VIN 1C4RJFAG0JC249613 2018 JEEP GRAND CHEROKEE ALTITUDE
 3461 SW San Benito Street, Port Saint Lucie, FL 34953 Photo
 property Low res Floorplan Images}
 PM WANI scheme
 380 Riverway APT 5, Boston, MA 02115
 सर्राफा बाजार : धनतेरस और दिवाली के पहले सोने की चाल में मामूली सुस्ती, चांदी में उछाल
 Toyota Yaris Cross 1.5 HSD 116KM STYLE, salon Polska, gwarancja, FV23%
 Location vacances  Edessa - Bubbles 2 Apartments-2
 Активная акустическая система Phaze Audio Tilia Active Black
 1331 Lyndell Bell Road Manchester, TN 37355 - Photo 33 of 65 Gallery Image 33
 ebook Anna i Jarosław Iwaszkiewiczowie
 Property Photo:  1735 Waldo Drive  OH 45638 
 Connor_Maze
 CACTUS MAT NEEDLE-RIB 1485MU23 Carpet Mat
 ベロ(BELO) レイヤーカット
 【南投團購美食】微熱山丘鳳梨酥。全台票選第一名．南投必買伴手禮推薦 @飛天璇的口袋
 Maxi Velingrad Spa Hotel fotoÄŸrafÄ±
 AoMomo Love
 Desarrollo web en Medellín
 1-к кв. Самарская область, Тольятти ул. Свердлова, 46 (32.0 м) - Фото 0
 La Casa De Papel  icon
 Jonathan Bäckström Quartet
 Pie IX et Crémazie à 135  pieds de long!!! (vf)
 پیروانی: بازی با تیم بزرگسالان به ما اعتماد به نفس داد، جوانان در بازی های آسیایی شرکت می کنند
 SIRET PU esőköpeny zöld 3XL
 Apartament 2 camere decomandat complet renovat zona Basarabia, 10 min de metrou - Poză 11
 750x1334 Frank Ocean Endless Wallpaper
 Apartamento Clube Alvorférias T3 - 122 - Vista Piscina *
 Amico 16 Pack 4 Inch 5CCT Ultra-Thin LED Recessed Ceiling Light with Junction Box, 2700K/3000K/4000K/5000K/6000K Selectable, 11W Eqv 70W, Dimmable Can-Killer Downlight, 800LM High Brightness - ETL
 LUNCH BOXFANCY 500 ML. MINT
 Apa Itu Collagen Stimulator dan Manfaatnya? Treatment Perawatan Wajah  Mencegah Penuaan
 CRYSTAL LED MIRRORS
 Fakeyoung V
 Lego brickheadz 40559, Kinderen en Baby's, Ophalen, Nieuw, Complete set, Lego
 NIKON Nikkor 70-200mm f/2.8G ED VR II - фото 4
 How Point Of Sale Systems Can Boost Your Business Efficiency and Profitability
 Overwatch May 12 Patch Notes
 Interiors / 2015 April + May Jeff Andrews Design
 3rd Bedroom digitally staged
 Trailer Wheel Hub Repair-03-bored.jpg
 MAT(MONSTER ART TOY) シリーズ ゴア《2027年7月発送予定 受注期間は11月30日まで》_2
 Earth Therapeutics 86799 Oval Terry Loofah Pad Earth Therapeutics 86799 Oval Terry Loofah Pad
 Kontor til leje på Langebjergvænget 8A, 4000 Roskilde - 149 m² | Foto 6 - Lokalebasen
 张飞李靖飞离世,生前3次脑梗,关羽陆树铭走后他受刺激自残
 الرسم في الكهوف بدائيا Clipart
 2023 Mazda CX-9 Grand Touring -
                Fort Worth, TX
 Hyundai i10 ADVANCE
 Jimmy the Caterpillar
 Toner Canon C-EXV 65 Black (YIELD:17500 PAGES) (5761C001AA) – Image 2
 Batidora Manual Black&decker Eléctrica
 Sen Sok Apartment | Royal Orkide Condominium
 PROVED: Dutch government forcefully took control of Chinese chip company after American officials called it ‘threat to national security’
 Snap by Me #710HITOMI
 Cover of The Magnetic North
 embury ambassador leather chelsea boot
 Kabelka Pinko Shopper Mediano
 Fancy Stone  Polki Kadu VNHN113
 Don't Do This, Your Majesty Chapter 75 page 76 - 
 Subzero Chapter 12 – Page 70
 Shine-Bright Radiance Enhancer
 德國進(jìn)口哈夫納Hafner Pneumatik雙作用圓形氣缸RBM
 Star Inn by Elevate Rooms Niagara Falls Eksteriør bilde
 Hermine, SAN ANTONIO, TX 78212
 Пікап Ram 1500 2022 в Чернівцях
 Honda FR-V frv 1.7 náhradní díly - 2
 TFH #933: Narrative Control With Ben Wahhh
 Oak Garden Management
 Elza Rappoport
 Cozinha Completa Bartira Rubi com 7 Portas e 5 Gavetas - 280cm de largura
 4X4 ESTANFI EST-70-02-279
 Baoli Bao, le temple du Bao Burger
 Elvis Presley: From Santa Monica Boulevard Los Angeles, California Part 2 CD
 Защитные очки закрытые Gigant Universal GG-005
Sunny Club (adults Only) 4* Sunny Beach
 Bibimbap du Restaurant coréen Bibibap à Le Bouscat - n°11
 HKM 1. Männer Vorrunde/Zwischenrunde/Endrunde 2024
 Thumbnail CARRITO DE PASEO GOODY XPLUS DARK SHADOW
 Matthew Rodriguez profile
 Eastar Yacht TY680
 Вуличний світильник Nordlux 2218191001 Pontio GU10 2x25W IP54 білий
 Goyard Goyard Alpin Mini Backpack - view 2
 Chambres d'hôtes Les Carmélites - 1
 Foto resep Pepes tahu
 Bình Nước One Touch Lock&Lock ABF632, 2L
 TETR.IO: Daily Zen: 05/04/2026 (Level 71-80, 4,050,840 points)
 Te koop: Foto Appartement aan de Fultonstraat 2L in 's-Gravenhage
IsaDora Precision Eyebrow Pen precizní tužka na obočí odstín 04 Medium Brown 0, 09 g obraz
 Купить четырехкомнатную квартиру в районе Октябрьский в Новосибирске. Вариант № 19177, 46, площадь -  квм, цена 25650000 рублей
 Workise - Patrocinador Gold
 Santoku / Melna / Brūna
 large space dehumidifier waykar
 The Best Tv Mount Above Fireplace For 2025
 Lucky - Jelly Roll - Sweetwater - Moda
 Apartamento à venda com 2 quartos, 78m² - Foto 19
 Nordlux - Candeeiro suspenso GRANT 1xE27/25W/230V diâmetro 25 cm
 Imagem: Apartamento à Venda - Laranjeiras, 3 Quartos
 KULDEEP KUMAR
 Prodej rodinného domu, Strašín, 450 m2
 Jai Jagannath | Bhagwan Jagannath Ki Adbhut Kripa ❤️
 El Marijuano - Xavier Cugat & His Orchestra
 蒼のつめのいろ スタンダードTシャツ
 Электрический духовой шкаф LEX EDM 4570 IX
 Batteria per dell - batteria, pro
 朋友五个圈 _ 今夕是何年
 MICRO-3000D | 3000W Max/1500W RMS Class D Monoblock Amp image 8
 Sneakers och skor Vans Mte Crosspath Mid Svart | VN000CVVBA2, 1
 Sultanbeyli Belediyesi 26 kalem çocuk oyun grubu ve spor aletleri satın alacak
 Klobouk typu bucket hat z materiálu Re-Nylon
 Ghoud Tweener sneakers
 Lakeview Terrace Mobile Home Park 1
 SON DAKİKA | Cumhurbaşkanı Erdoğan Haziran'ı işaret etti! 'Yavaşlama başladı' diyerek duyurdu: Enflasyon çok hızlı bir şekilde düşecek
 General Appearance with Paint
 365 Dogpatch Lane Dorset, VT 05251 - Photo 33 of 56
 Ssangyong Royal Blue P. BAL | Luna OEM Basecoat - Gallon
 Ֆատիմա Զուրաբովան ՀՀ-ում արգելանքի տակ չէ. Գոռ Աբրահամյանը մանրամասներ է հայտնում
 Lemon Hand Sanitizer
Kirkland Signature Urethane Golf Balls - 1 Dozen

----

--- THE PROBLEM ---
From the records above, print only the lines between the one holding "750x1334 Frank Ocean Endless Wallpaper" and the one holding "Snap by Me #710HITOMI", inclusive, exactly as they stand.

--- RESULT ---
 750x1334 Frank Ocean Endless Wallpaper
 Apartamento Clube Alvorférias T3 - 122 - Vista Piscina *
 Amico 16 Pack 4 Inch 5CCT Ultra-Thin LED Recessed Ceiling Light with Junction Box, 2700K/3000K/4000K/5000K/6000K Selectable, 11W Eqv 70W, Dimmable Can-Killer Downlight, 800LM High Brightness - ETL
 LUNCH BOXFANCY 500 ML. MINT
 Apa Itu Collagen Stimulator dan Manfaatnya? Treatment Perawatan Wajah  Mencegah Penuaan
 CRYSTAL LED MIRRORS
 Fakeyoung V
 Lego brickheadz 40559, Kinderen en Baby's, Ophalen, Nieuw, Complete set, Lego
 NIKON Nikkor 70-200mm f/2.8G ED VR II - фото 4
 How Point Of Sale Systems Can Boost Your Business Efficiency and Profitability
 Overwatch May 12 Patch Notes
 Interiors / 2015 April + May Jeff Andrews Design
 3rd Bedroom digitally staged
 Trailer Wheel Hub Repair-03-bored.jpg
 MAT(MONSTER ART TOY) シリーズ ゴア《2027年7月発送予定 受注期間は11月30日まで》_2
 Earth Therapeutics 86799 Oval Terry Loofah Pad Earth Therapeutics 86799 Oval Terry Loofah Pad
 Kontor til leje på Langebjergvænget 8A, 4000 Roskilde - 149 m² | Foto 6 - Lokalebasen
 张飞李靖飞离世,生前3次脑梗,关羽陆树铭走后他受刺激自残
 الرسم في الكهوف بدائيا Clipart
 2023 Mazda CX-9 Grand Touring -
                Fort Worth, TX
 Hyundai i10 ADVANCE
 Jimmy the Caterpillar
 Toner Canon C-EXV 65 Black (YIELD:17500 PAGES) (5761C001AA) – Image 2
 Batidora Manual Black&decker Eléctrica
 Sen Sok Apartment | Royal Orkide Condominium
 PROVED: Dutch government forcefully took control of Chinese chip company after American officials called it ‘threat to national security’
 Snap by Me #710HITOMI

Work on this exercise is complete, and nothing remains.